**Data:**
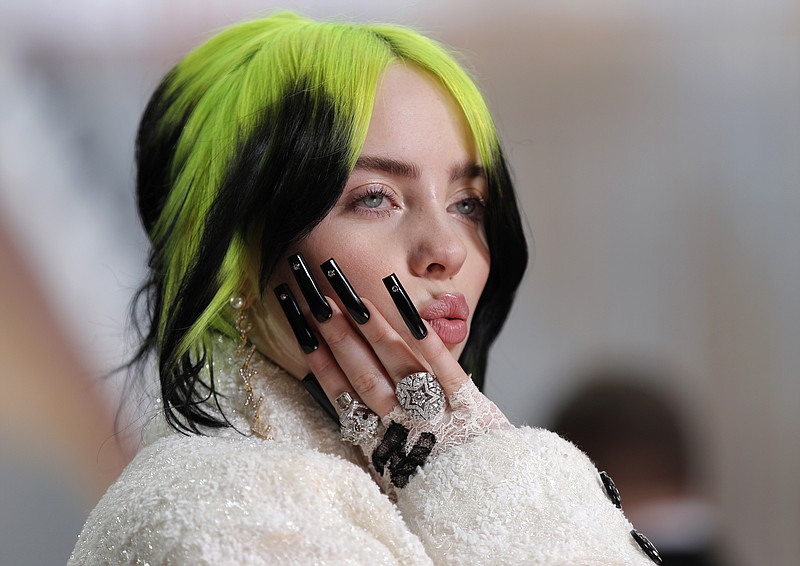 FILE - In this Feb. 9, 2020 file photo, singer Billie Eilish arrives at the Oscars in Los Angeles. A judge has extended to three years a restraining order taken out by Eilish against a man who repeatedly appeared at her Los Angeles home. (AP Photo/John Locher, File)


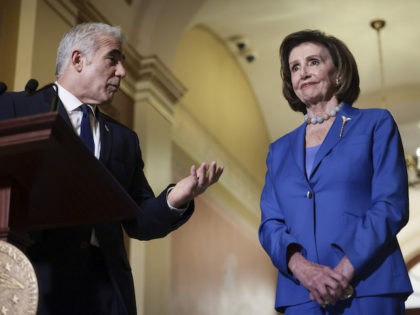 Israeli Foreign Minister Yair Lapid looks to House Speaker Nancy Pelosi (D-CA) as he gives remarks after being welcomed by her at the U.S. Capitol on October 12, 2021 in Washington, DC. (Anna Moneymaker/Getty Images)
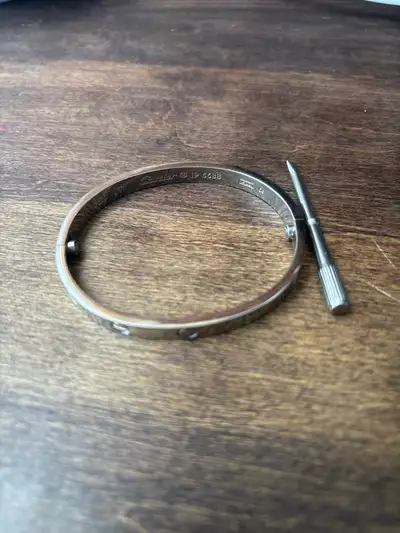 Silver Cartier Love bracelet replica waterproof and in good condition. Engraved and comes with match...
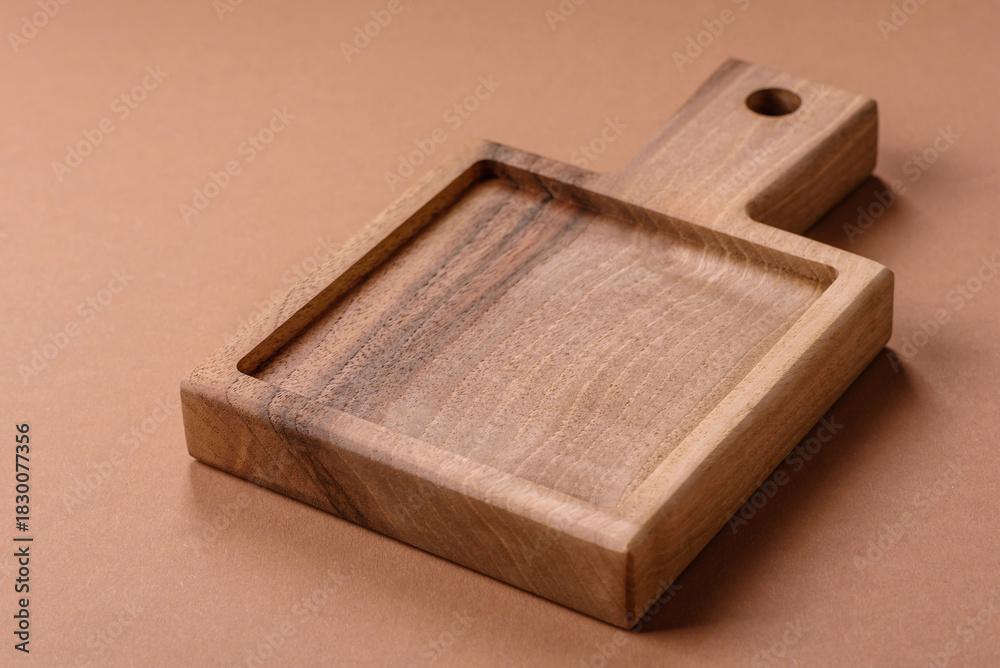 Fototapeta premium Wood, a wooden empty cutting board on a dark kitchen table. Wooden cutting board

**Problem requirements:**
Could you output the lines above exactly, with no pictures included?

**Your response:**
 FILE - In this Feb. 9, 2020 file photo, singer Billie Eilish arrives at the Oscars in Los Angeles. A judge has extended to three years a restraining order taken out by Eilish against a man who repeatedly appeared at her Los Angeles home. (AP Photo/John Locher, File)


 Israeli Foreign Minister Yair Lapid looks to House Speaker Nancy Pelosi (D-CA) as he gives remarks after being welcomed by her at the U.S. Capitol on October 12, 2021 in Washington, DC. (Anna Moneymaker/Getty Images)
 Silver Cartier Love bracelet replica waterproof and in good condition. Engraved and comes with match...
 Fototapeta premium Wood, a wooden empty cutting board on a dark kitchen table. Wooden cutting board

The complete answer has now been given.